**Exercise**
Word for word, copy the line containing "Sony walkman operating" and every line after it in the records below, leaving pictures out.

**Extracted entries**
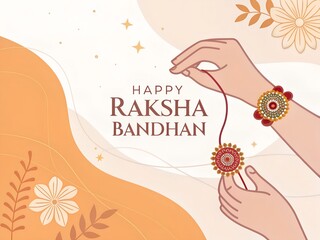Happy Raksha Bandhan Indian festival celebration cultural background	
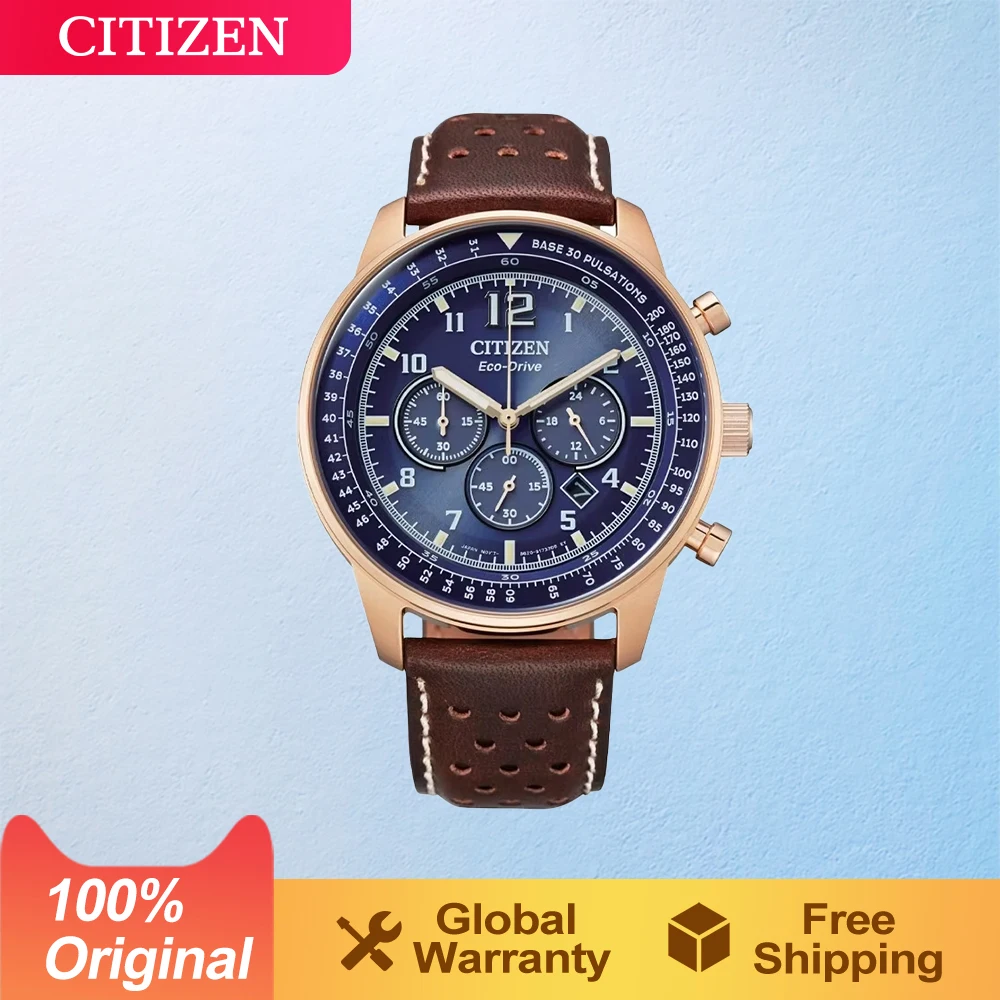 CITIZEN Original  Chronograph  Watch Men\'s Watch Japanese  Eco Drive Waterproof Fashion  Luminous CA7045-14E Business Watch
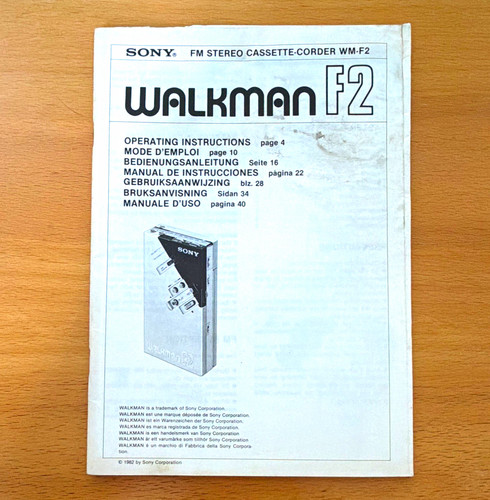 Sony walkman operating - walkman,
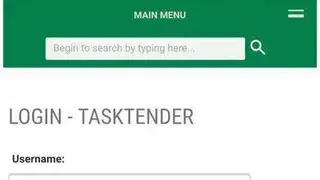 Task Tender screenshot
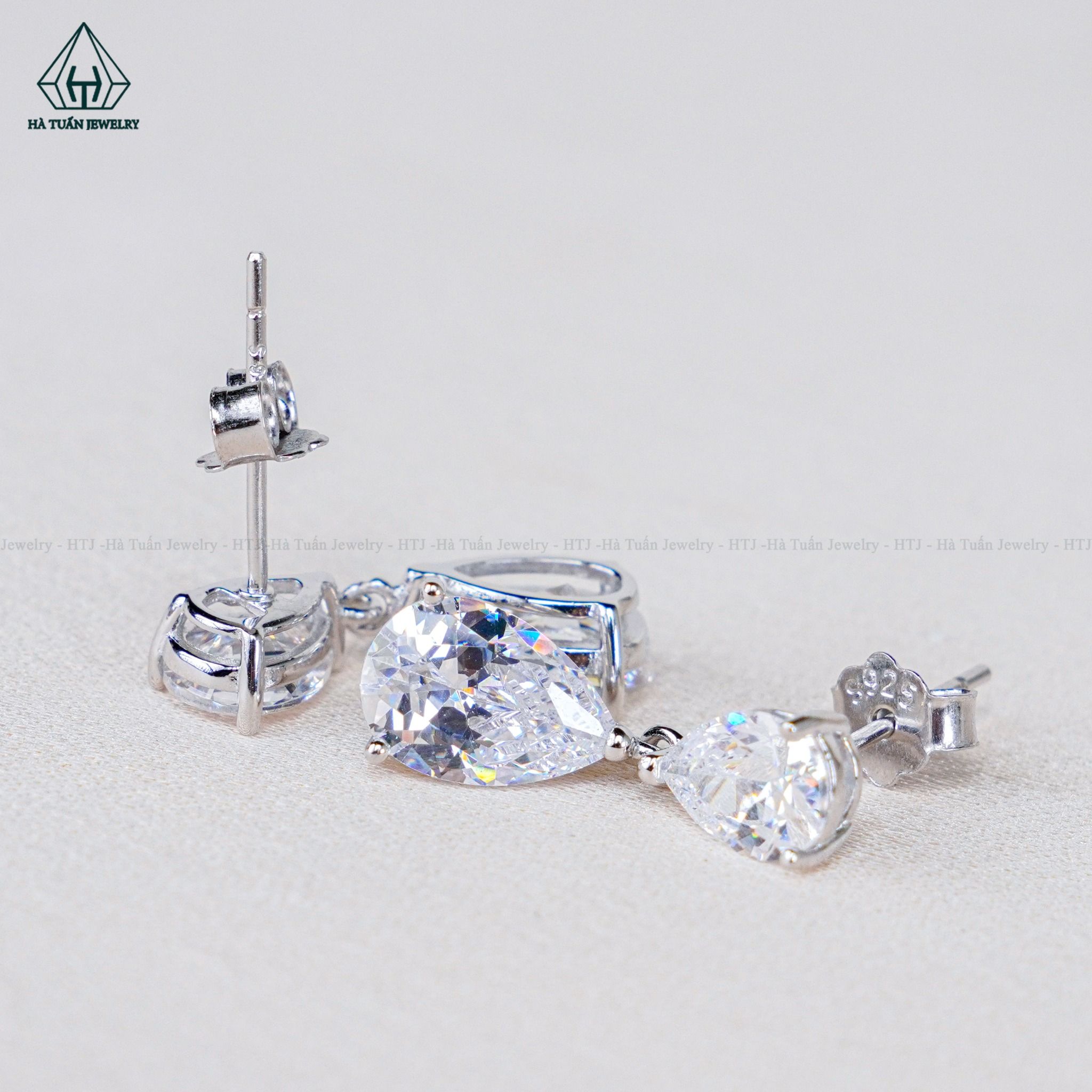 E046 Bông tai giọt nước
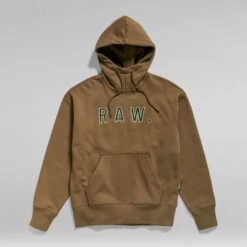 G-Star Raw Vulcanic RAW Loose Hooded Sweater -G-Star Raw Store g star raw vulcanic raw loose hooded sweater brown 3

**Result below**
 Sony walkman operating - walkman,
 Task Tender screenshot
 E046 Bông tai giọt nước
 G-Star Raw Vulcanic RAW Loose Hooded Sweater -G-Star Raw Store g star raw vulcanic raw loose hooded sweater brown 3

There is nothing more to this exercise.